Kumari A1Pankaj S1Choudhary V2Kumari J1Nazneen S1Kumari A1Suman SK3Kumar S4.

J Obstet Gynaecol India. 2019 Oct;69(Suppl 2):171-176. doi: 10.1007/s13224-018-1166-9. Epub 2018 Aug 21.

 

 

Abstract

INTRODUCTION:

Abnormal uterine bleeding may be defined as bleeding pattern that differs in frequency, duration and amount from a pattern observed during a normal menstrual cycle or after menopause.

AIM AND OBJECTIVE:

The aim of this study was (1) to identify the different benign, premalignant and malignant conditions as the cause of abnormal uterine bleeding in perimenopausal and postmenopausal women and (2) to find out the different histopathological patterns of endometrium and cervix in these women.

MATERIALS AND METHODS:

This is a prospective study done in gynaecological oncology in 100 cases attending the OPD. Pap smear and cervical biopsy were done following clinical examination and then, the patients were sent for abdominal and pelvic ultrasound examination.

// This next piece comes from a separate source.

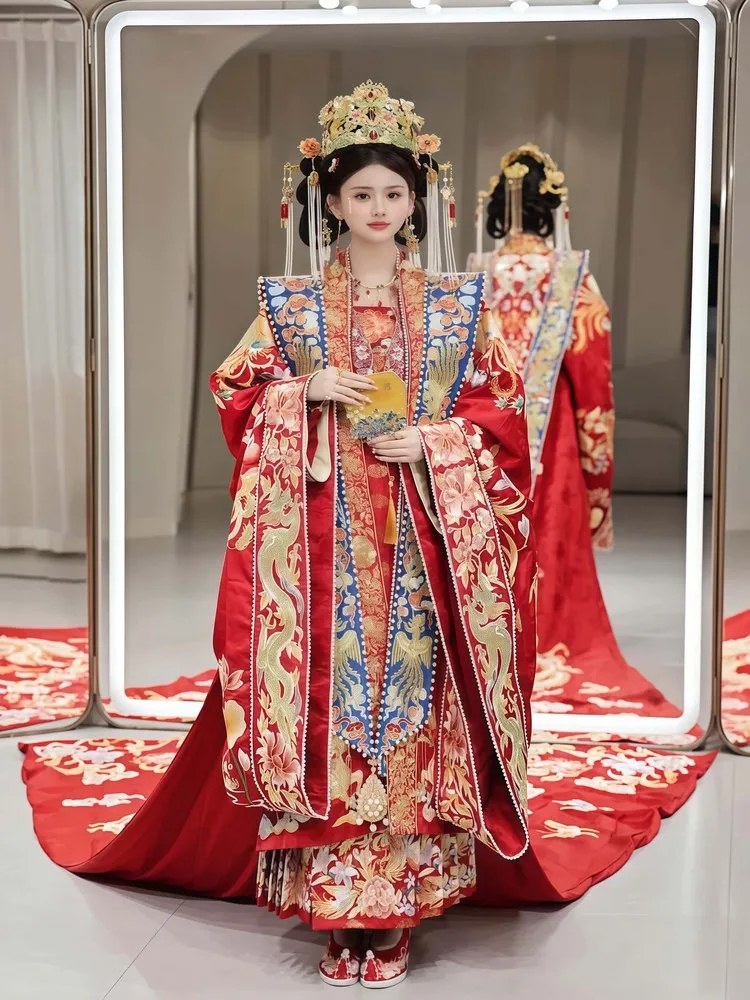 Hanfu wedding dress Chinese-style for brides phoenix crown red cape and toasting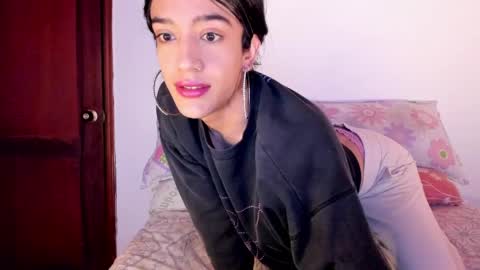 Snapshot of latinsecretfantasy chatting on 06-05-26, 11:38 latinsecretfantasy online show from 06-05-26, 11:38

Endometrial biopsy was done if endometrial thickness was increased with respect to age. The cut-off value of endometrial thickness in perimenopausal women was 11 mm, and for postmenopausal women, it was 4 mm, respectively. All the tissue specimens were sent for histopathological examination.

RESULT:

A total of 100 women were evaluated in which 50% were in the perimenopausal age group and 50% in the menopausal age group. Cervical pathology was present in 47% of cases, organic cause of uterine body like fibroid and adenomyosis was present in 26% of women, and thickened endometrium was seen in 24% of cases and endometrial polyp in 3 cases only. In this study, the incidence of benign cases was 49%, premalignant 9% and malignant condition 42%, respectively. Out of 42 malignant cases, 37 (88.09%) were cervical cancer, 3 (7.14%) endometrial carcinoma, 1 (2.38%) vulval cancer and 1 sarcoma of uterus. With regard to histology of endometrium, 34.48% had simple hyperplasia without atypia, 20.68% hyperplasia with atypia and secretory endometrium, and 10.34% endometrial carcinoma. Histologically, 94.59% of cervical cancer was squamous cell carcinoma and 5.40% was adenocarcinoma.

CONCLUSION:

Evaluation of cases of perimenopausal and postmenopausal bleeding differentiated premalignant and malignant lesions of the uterine body, endometrium and cervix. As our centre is a Regional Cancer Centre of Bihar, incidence of malignant lesions is higher in our centre.